'Punição exemplar de deputado assediador é uma questão civilizatória', dizem articuladoras de campanha

Escritora Beatriz Bracher e gestora cultural Mari Stockler defendem cassação de Fernando Cury e avaliam que caso de Isa Penna diz respeito a todas as mulheres

  • Salvar artigos

    Recurso exclusivo para assinantes

    assine ou faça login

São Paulo

Em carta endereçada a deputados paulistas, a premiada escritora Beatriz Bracher, 59, expressou a indignação de muitas mulheres diante do rumo que tomou o caso de assédio registrado pelas câmeras do plenário da Assembleia Legislativa de São Paulo (Alesp) em dezembro passado.

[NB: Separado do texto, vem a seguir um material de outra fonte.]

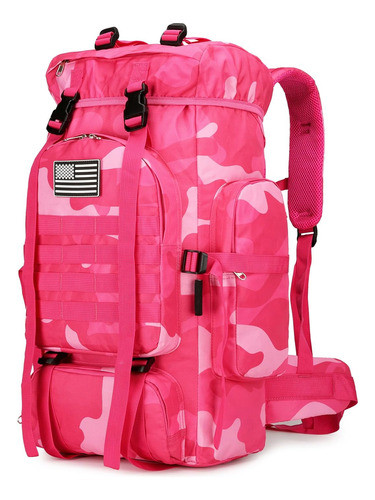 Mochila De Senderismo W Wintming 45l Rosa Tipo Tactica 0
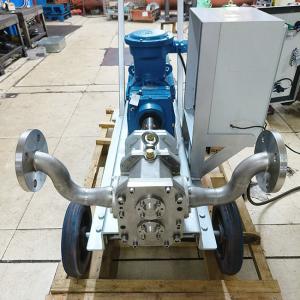 Compact And Powerful Hand Cart Rotary ATEX Lobe Pump For Oil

Foi quando o deputado Fernando Cury (Cidadania) importunou sexualmente a deputada Isa Penna (PSOL). Passar a mão no corpo alheio sem permissão é crime previsto em lei (13.718/18), com pena de um a cinco anos de prisão.

Mas o Conselho de Ética da Casa, composto por sete homens e duas mulheres, decidiu abrandar a punição a Cury inicialmente proposta, trocando um afastamento não remunerado de seis meses por uma suspensão de 119 dias. Foram 5 votos a 4.

“Foi muito chocante”, desabafa a escritora.

A escritora Beatriz Bracher (à esq.), fundadora da Editora 34, e a gestora cultural Mari Stockler articularam a campanha Por Uma Punição Exemplar do deputado Fernando Cury (Cidadania) que importunou sexualmente a colega Isa Penna (PSOL) em ação ocorrida no plenário da Alesp e registrada em vídeo
A escritora Beatriz Bracher (à esq.), fundadora da Editora 34, e a gestora cultural Mari Stockler articularam a campanha Por Uma Punição Exemplar do deputado Fernando Cury (Cidadania) que importunou sexualmente a colega Isa Penna (PSOL) em ação ocorrida no plenário da Alesp e registrada em vídeo - Eduardo Knapp/Folhapress

A reviravolta na sanção foi liderada pelo deputado e pastor Wellington Moura (Republicanos) numa sessão tumultuada que terminou com pedidos de desligamento do Conselho de dois parlamentares favoráveis à cassação de Cury.

Nas próximas semanas, quando a decisão do Conselho for a plenário, os deputados da Alesp terão a oportunidade de dizer que “não aceitam que homens apalpem e encoxem mulheres”, escreveu Bracher na carta.

A tramitação do caso coincide com campanha publicitária da Alesp no horário nobre na TV sobre valores da Casa.

Não se trata de um caso da deputada Isa Penna, mas de todas as mulheres do Brasil, principalmente das trabalhadoras que andam de transporte público”, avalia Bracher, que diz já ter sofrido esse mesmo tipo de importunação.

Quase todas as brasileiras (97%) com mais de 18 anos dizem já ter sofrido assédio em meios de transporte, segundo levantamento dos institutos Locomotiva e Patrícia Galvão.

Bracher se aliou à gestora cultural Mari Stockler, 55, para formarem um grupo de ação, que inclui ainda a diretora Daniela Thomas, o advogado Rafael Poço, a designer Julia Mariani e a administradora Maísa Diniz, cofundadora do Vote Nelas, iniciativa pró-mulheres na política.

O resultado é a campanha Por Uma Punição Exemplar, cujo site (porumapunicaoexemplar.com) permite o envio de mensagens para pressionar os deputados da Alesp pela cassação de Cury.

Bracher é da família fundadora do Banco BBA, incorporado ao Itaú, e mantém rotina de dedicação à escrita. Ela conta que o ativismo político não estava nos seus planos. “Agora, por exemplo, parei de escrever porque essa coisa está me tomando muito", admite.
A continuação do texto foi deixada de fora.